Last week I shared an incident which took place in Downtown Los Angeles whilst backpacking the USA in 1978, back then as a 25 year old. This week I like to open on that same trip, when I arrived into Los Angeles after an overnight Greyhound Bus journey from Flagstaff in Arizona, the base station for the Grand Canyon Village on the South Rim and the start of the hiking trail to the Colorado River which flows through the bottom of this fascinating natural ravine. So here I was, having alighted from this cross-country coach and exited the Terminal, to find myself looking at Hotel Cecil, literally across the road. I managed to book a room at this hotel, and afterwards noticed whilst going up in the elevator that there was no 13th floor - a 12th floor with the 14th being the next one up - on which my room was awaiting my arrival. Then, having settled in, I made my way back to the bus station across the road to catch a local service to Disneyland. 

Everything was very straightforward back in the 1970's, when the Los Angeles Bus Station was within the Downtown area, with just a short walk to Broadway and Pershing Square. When I returned to Los Angeles seventeen years later in 1995, I had discovered to my dismay that the Greyhound Bus Station had moved a couple of miles away from the city centre along East 7th Street, making the walk through a dodgy residential estate a challenging experience.

Disneyland! After securing a room at the hotel that morning in 1978, I felt like an excited schoolboy as I sat in the bus heading south-east towards Santa Ana. Once within the park turnstiles, I would meet up with Mickey Mouse and his pal, Pluto the bloodhound.

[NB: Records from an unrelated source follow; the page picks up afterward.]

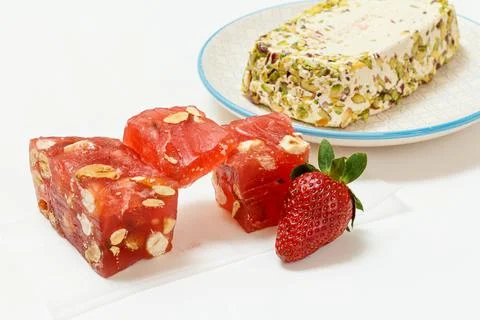 Fruit sweets with nuts and halva on white background. Stock Photos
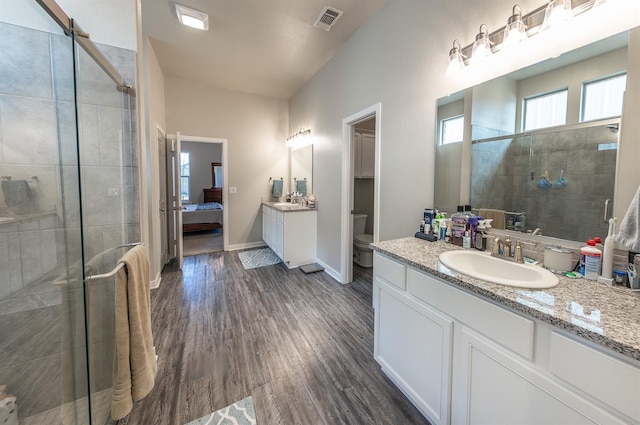 bathroom featuring an enclosed shower, vanity, wood-type flooring, and toilet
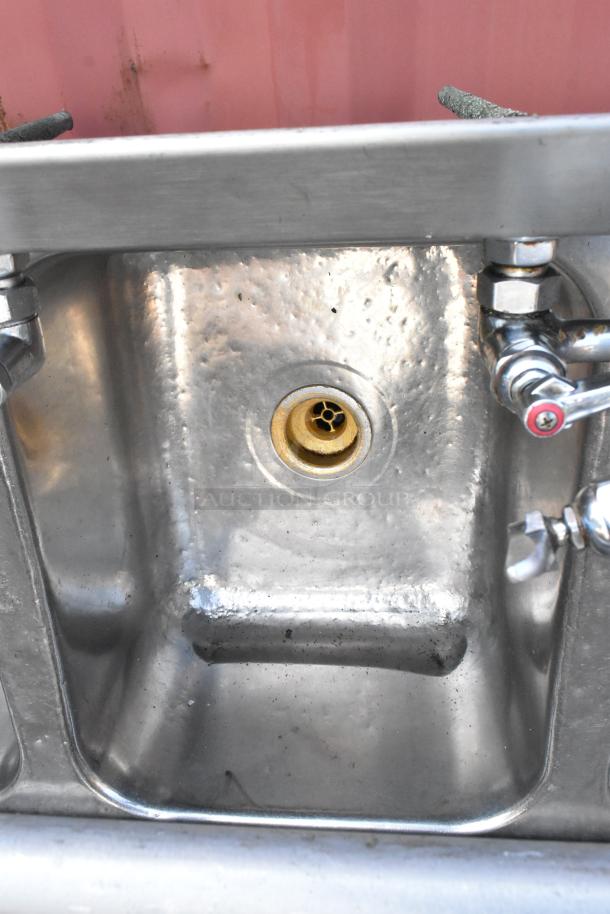 Stainless steel 3 bay sink with dual drain boards, faucet, and handles; features visible wear.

Whenever I think about Disneyland California, I have discovered that it wasn't all fantasy and make-believe. After all, a species of Rodentia does exist in real life. I recall primary school where we kept two mice in a cage in our classroom. Unlike Mickey, whose humorous conversation with Pluto constantly flowed from the cinema loudspeakers, neither of the mice at our school had ever talked - as far as I recall, neither to us or even to each other. And even as a boy, each of the rodents fitted well on the palm of my hand. In turn, Mickey, when compared in size whilst standing next to Pluto, is so huge that without a doubt, any pussy-cat out on a rodent hunt would have sprinted away in terror of such a sight of an enormous mouse!

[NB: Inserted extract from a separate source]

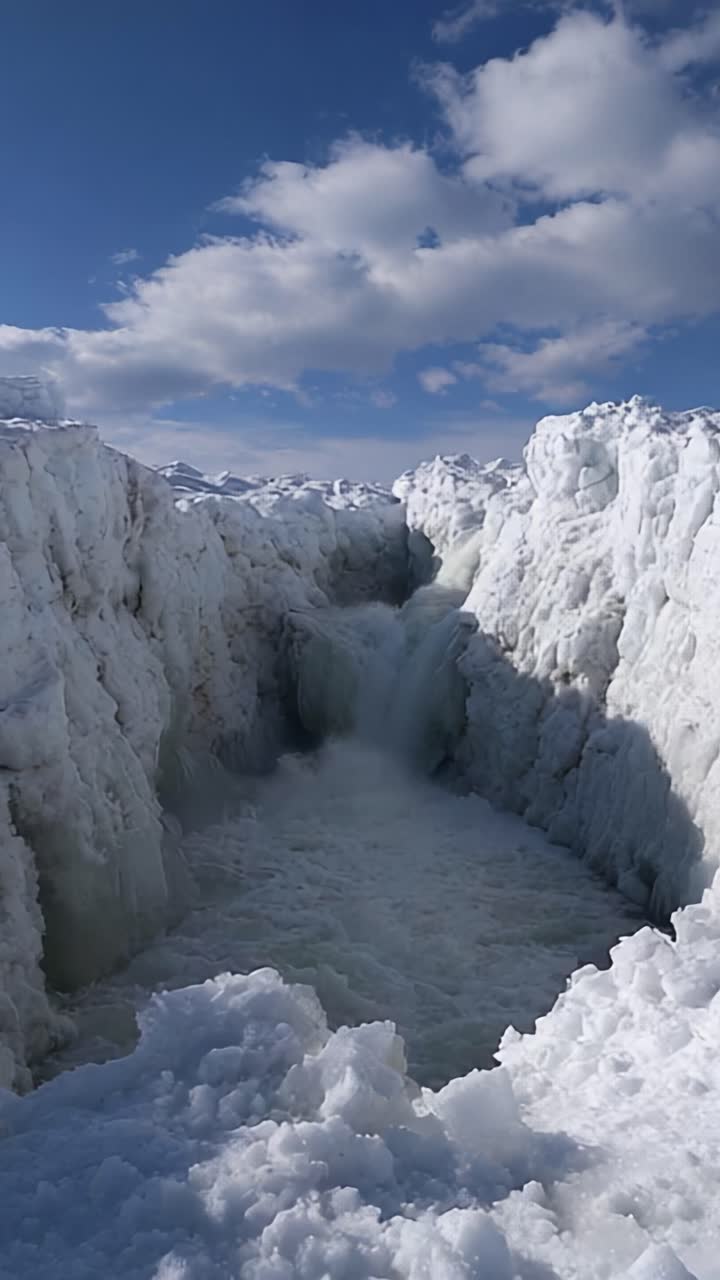 A Stunning Glimpse of Nature's Winter Wonderland Featuring Ice-Capped Cliffs, Cascading Waterfalls, and Dramatic Clouds Underneath a Bright Blue Sky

There is a true story of a mother who took her son on a day out to Disneyland. On one occasion the boy tripped and hurt himself. Mickey Mouse, who was standing nearby, took off his headgear to assist, only for the youngster to discover that Mickey wasn't a real mouse at all, but a man in a costume. And yes, the mother sued Disneyland in Court for distressing her son with the awful truth of reality, and I believe, had won the case. It was the start of the dreadful compensation culture with the growth of political correctness and health-and-safety regulations, which didn't hesitate to cross the Atlantic to hit our shores.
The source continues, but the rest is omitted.